Guarda e não esquece, em particular, episódios da transição de Sampaio de edil para chefe de Estado. A chamada "operação Falcon", nome de código entre os seus mais próximos para descrever o projeto presidencial, nasceu de um atraso no trânsito de Paris. Em 1995, numa das suas viagens enquanto autarca europeu, Sampaio apercebe-se de que vai mesmo perder o avião. Um dos assessores sugere que se telefone para a TAP, pedindo que se mande atrasar a descolagem. Sampaio recusa terminantemente. Laplaine brinca que com um Falcon à espera talvez fosse mais fácil. Sampaio, humorado, responde à provocação: "Tratem lá disso então". E, de facto, um ano depois, trataram.

No mundo partidário, a travessia entre cargos também reúne peripécias. Quando Cavaco Silva assume a sua primeira candidatura a Belém, o CDS, ainda de Monteiro, hesita em apoiar o ex-primeiro-ministro. Não só por nunca ter feito parte dos seus governos, mas pela forte veia anti-cavaquista de alguns dos seus protagonistas. Laplaine, que havia declarado apoio público a Sampaio num artigo publicado neste jornal, organiza um jantar em sua casa com Manuel Monteiro, António Costa e Jorge Sampaio. Desse jantar saiu a liberdade de voto dos militantes do CDS para essas presidenciais. Monteiro não apoiaria ninguém.

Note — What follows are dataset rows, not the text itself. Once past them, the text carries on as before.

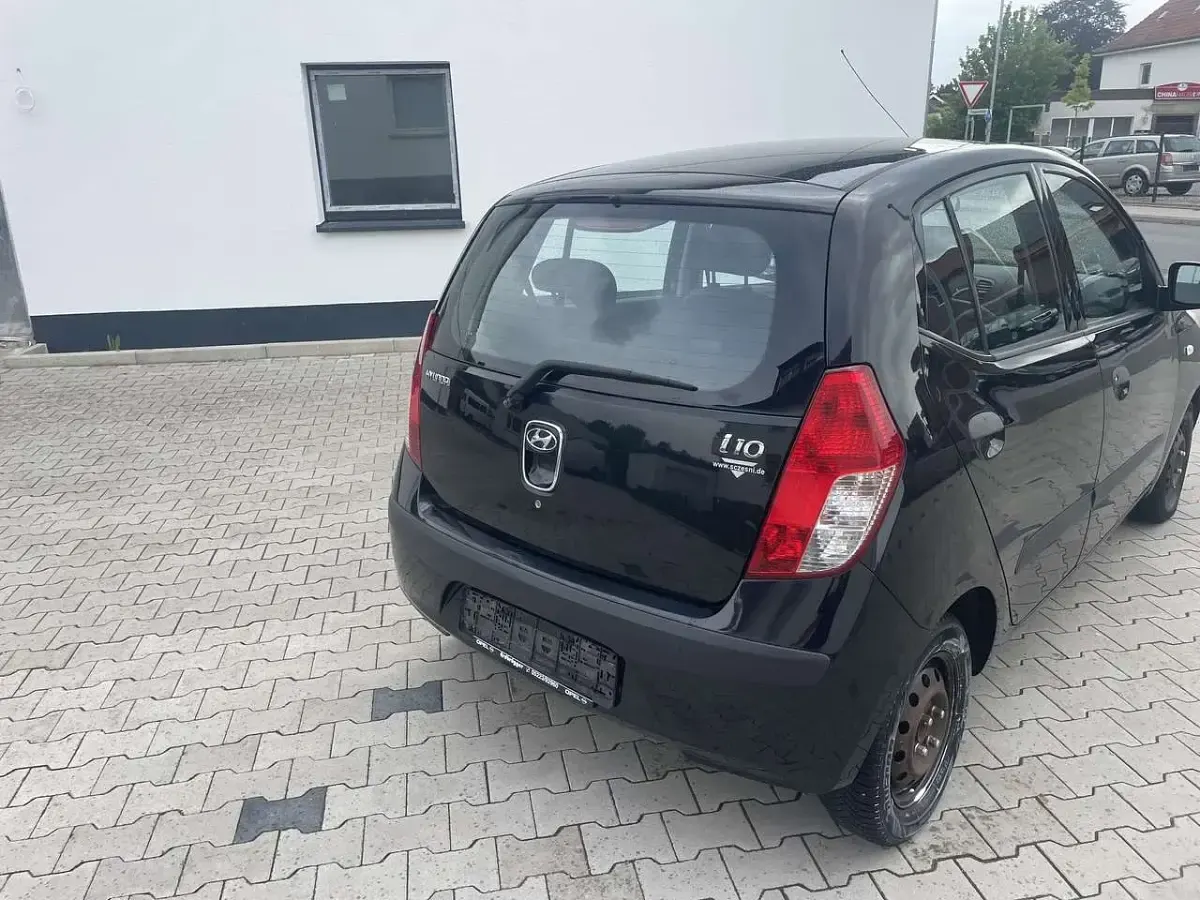 Gebraucht Hyundai i10 67 PS (49 kW) 2010 Schwarz Kleinwagen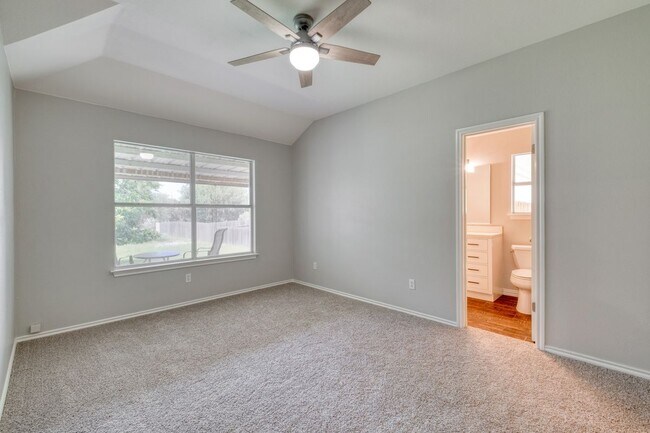 Foto del edificio - 10114 Thomas Ln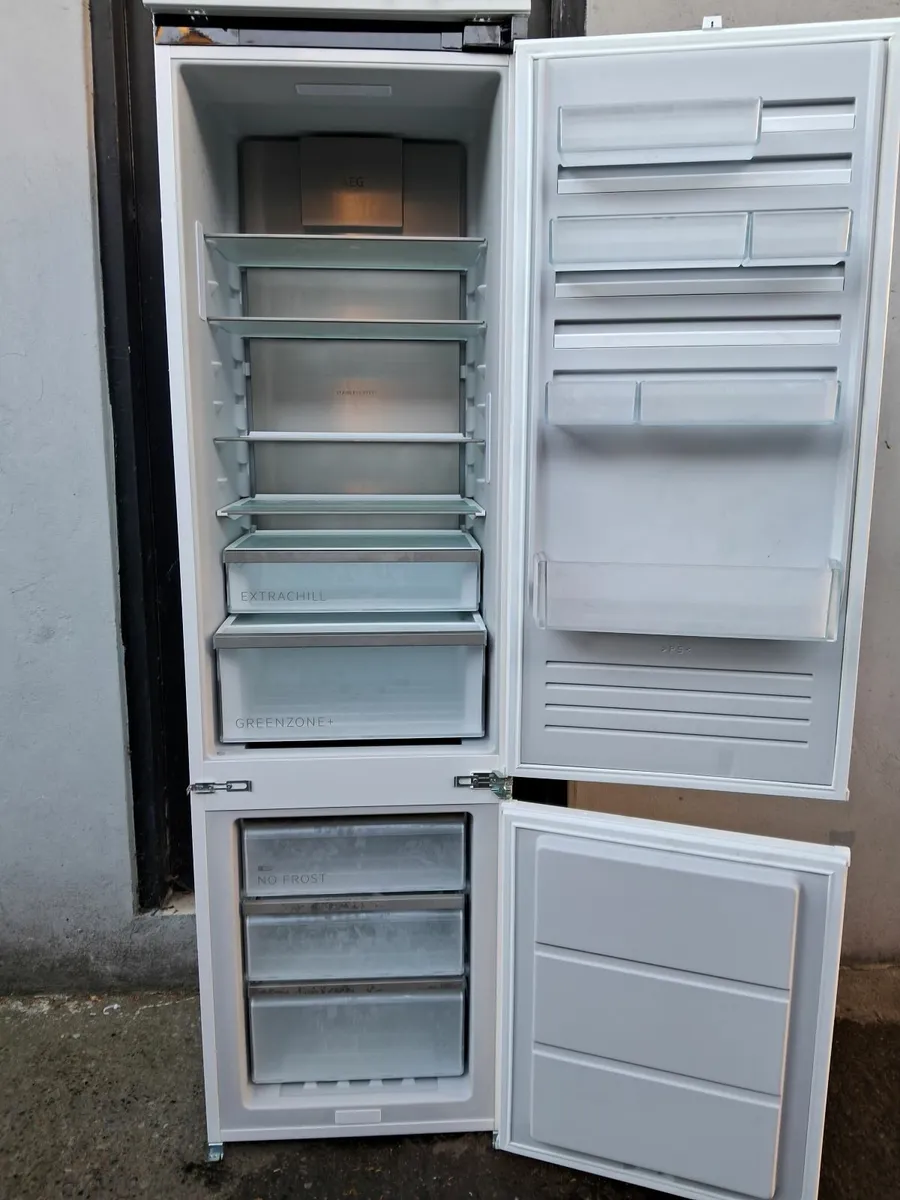 BRAND NEW INTEGRETED FRIDGE AND FREEZER - Image 4
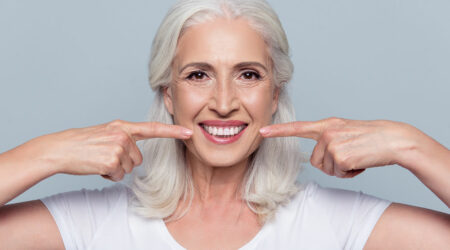 6 signs one needs dental implants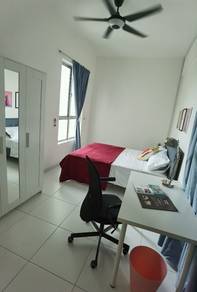 Middle Room for Rent at Elit Heights, Bayan Lepas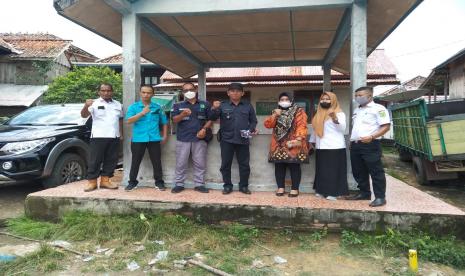 Sebanyak 25 ribu benih ikan Jelawat ditebar di Sungai Pengumbak Desa Petaling Kecamatan Lais Kabupaten Musi Banyuasin (Muba). 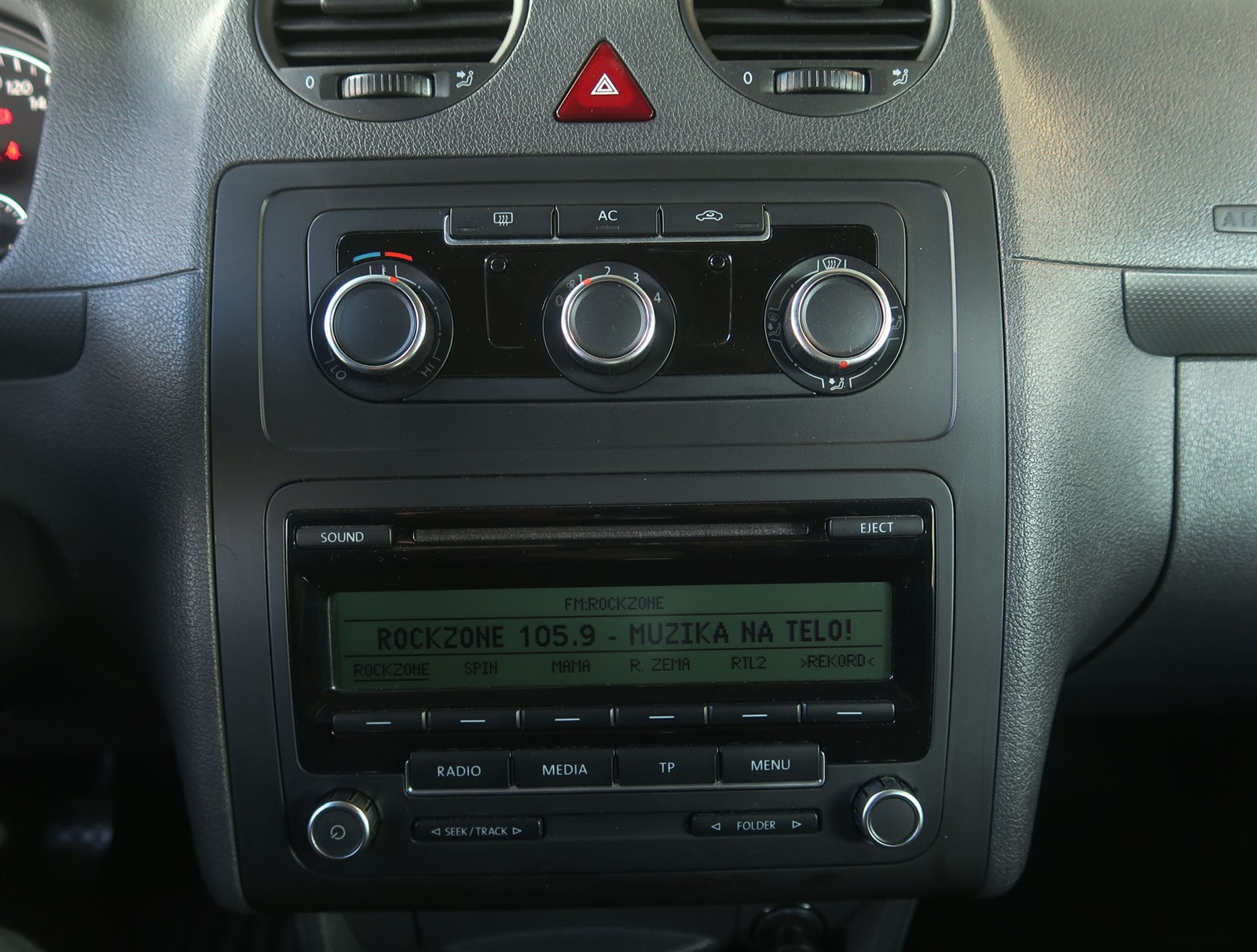 Volkswagen Caddy, 2012 - pohled č. 18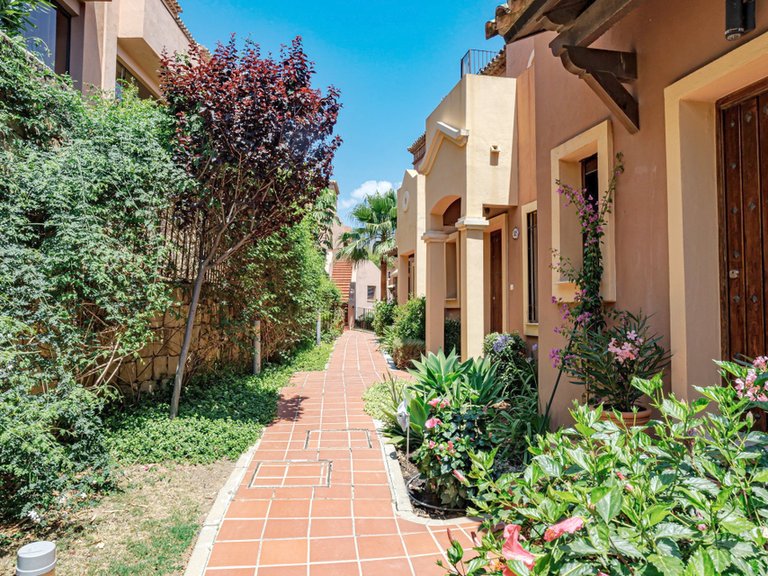 Town House for Sale  in Estepona, Malaga 20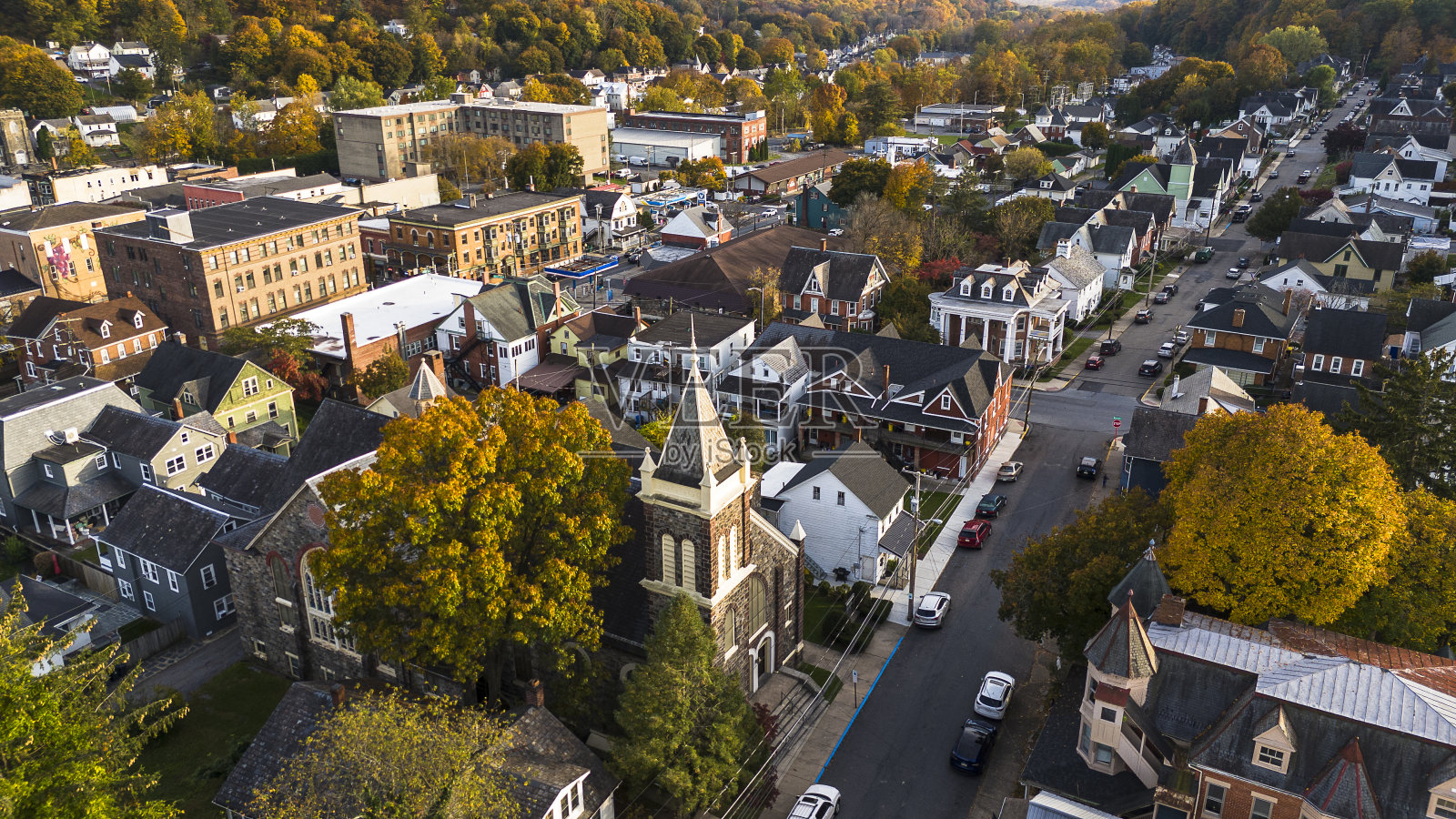 第一联合卫理公会教堂矗立在宾夕法尼亚州班戈市的公共道路上照片摄影图片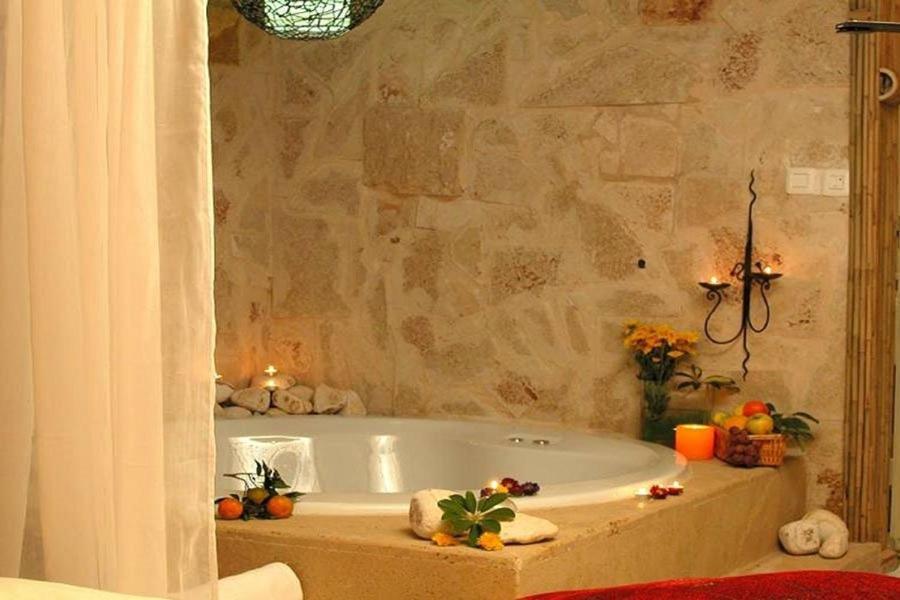 ביקתפוז וקלמנטינה- מתחם בקתות וסוויטות עם ג'קוזי פרטי ובריכה משותפת Hotel Liman Exterior photo
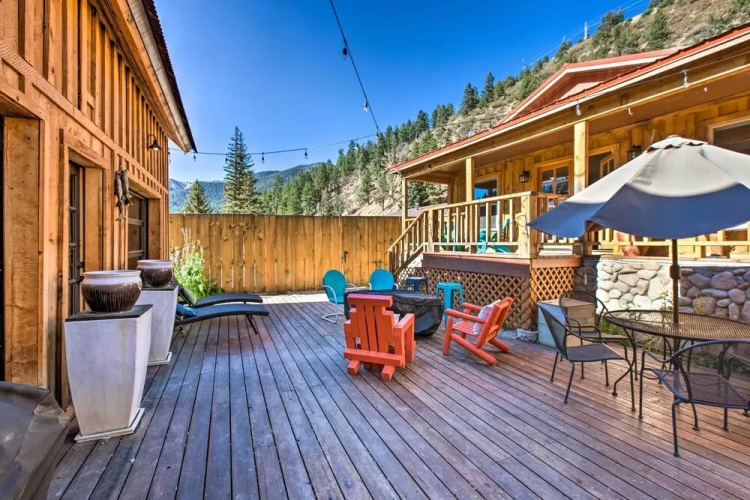 Red River Summer Cabin w/ Fire Pit & Mtn Views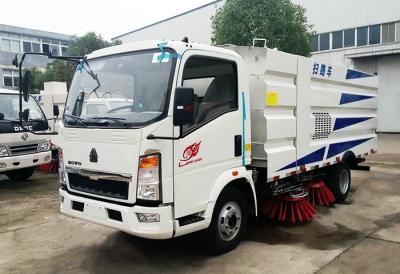 中国 Howo 4*2の道掃除人のトラック、1.5cbm水4cbm塵が付いている道のクリーニングのトラック 販売のため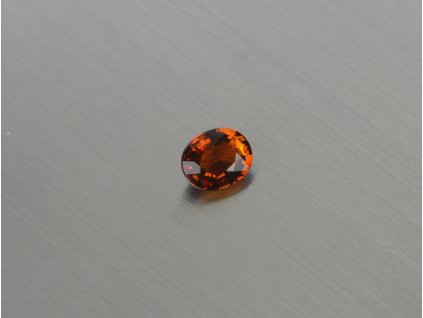 Turmalín přírodní ovál 5.4x6.5 mm fasetovaný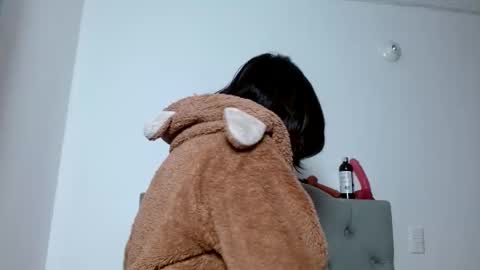 IG   OF red moonn online show from 9, 2, 2025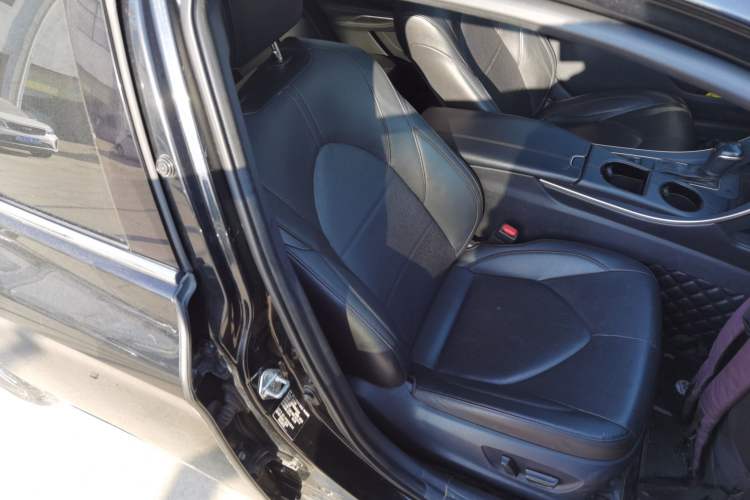 Used Toyota Avalon 2019 2.0L XLE Premium Edition China VI
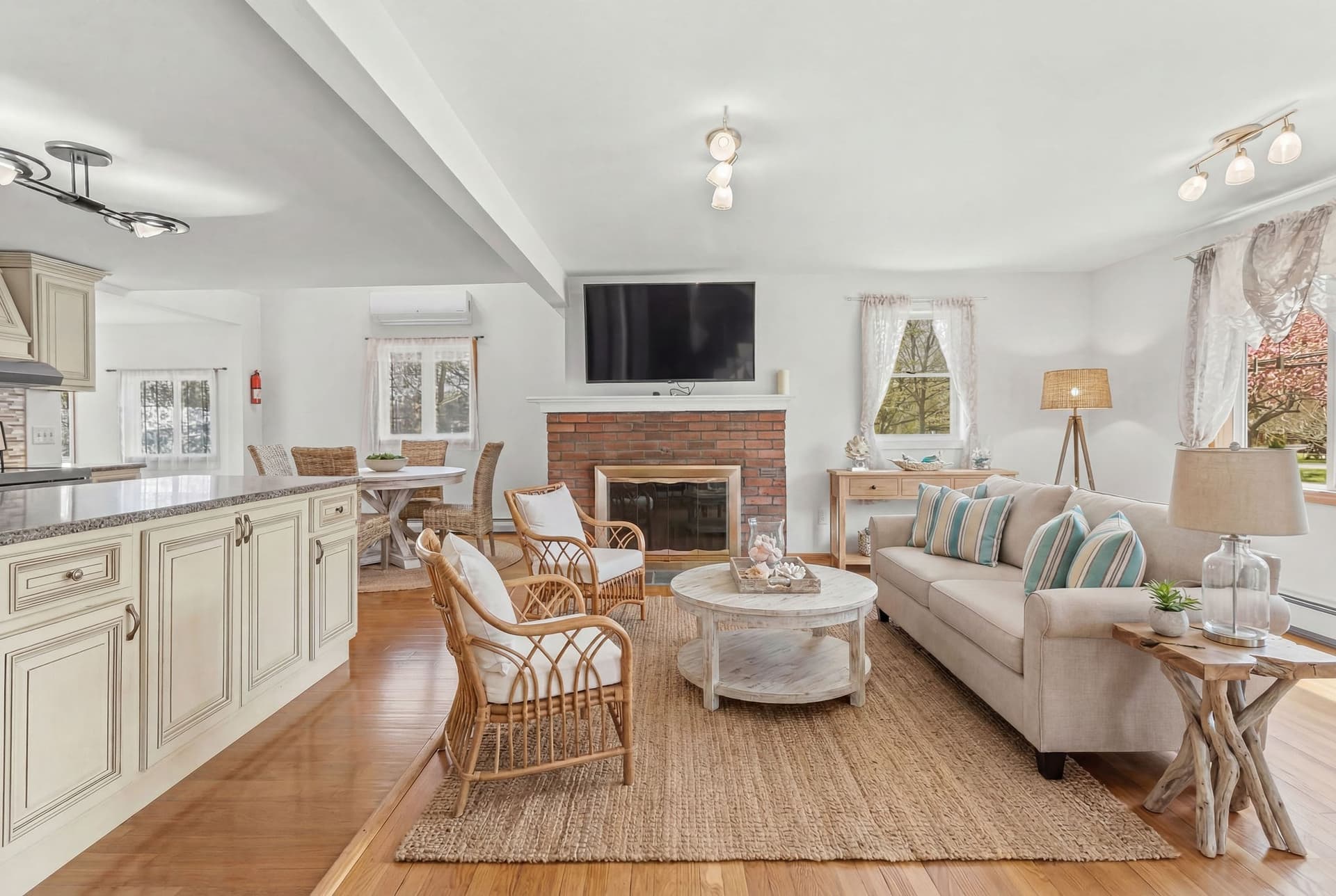 Single Family Residence at 6 Sylvan Way, Yarmouth MA 02664, photo 5 of 40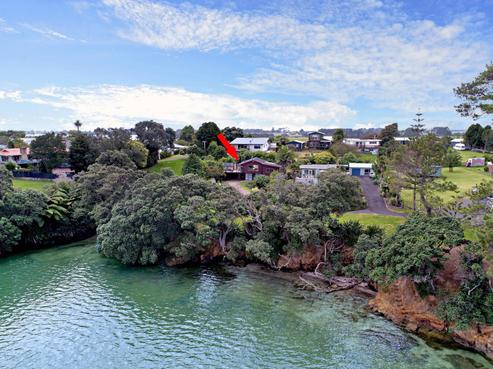 66 Ronald Avenue, Glenbrook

O episódio talvez mais simbólico e menos conhecido é o da audiência de Sampaio no Vaticano, com João Paulo II. Se os Papas não recebem presidentes de Câmara, Sampaio foi convidado como presidente de uma das organizações internacionais dedicadas à política local. No momento em que entraram no gabinete do Papa, com autorização apenas para duas pessoas, Sampaio fez questão de levar consigo Laplaine Guimarães, conhecendo a sua fé.

Um gesto de amizade e, sobretudo, de um homem bom.